= Task description =
If a line in the records contains the string "focus", show that line.

■ ■ ■ ■ ■

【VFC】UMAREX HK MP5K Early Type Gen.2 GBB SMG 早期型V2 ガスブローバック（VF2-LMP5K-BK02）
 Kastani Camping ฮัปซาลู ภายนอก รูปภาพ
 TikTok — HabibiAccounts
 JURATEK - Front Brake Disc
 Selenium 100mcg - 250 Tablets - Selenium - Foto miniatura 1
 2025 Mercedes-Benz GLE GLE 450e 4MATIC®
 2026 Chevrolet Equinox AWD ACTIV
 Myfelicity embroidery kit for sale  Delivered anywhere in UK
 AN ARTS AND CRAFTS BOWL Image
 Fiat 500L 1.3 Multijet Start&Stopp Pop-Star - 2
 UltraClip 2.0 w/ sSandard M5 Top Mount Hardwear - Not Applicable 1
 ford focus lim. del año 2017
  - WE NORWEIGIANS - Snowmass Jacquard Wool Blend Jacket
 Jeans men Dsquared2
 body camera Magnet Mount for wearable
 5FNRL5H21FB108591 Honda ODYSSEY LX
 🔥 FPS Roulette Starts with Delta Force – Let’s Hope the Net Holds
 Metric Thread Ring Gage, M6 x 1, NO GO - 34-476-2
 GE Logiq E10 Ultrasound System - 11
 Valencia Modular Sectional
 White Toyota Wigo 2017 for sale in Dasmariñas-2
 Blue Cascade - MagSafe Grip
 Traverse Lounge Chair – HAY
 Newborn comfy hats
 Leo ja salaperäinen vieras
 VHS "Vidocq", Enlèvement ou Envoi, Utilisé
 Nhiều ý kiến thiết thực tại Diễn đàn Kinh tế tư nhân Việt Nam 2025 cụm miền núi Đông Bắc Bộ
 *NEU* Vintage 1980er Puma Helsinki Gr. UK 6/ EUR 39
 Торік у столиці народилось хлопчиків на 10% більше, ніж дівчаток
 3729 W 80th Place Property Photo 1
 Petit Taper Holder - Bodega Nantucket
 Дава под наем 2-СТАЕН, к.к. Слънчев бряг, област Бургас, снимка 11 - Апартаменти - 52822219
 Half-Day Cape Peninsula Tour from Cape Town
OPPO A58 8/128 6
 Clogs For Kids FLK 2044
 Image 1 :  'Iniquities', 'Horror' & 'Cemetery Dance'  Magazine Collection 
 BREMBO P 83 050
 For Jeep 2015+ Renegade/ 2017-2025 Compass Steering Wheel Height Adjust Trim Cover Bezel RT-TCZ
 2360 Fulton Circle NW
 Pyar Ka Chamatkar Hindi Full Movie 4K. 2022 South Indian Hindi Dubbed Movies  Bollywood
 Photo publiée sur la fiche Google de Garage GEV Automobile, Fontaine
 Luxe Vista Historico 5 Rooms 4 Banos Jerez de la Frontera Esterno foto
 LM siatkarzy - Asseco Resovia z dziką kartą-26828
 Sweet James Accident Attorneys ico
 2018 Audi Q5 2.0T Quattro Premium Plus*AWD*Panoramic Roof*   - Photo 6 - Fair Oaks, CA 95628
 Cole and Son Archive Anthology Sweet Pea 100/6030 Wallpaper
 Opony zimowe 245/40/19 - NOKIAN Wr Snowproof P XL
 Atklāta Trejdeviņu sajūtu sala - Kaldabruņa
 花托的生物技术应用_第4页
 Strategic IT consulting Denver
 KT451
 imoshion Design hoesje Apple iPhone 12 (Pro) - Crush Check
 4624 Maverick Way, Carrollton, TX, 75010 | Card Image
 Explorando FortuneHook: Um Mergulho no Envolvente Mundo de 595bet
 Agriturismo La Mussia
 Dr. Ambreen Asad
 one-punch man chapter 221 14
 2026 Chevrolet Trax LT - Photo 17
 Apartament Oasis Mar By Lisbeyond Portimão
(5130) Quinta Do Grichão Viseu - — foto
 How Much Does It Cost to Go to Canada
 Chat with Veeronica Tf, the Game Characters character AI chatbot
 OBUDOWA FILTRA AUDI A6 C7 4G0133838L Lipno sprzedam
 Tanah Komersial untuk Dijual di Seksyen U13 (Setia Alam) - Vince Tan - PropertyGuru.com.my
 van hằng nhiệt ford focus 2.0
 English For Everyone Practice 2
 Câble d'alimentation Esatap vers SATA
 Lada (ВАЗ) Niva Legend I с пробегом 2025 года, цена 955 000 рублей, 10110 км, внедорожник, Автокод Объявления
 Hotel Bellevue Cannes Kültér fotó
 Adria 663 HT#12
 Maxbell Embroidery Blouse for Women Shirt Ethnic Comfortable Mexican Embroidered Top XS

■ ■ ■ ■ ■

= Answer space =
 ford focus lim. del año 2017
 van hằng nhiệt ford focus 2.0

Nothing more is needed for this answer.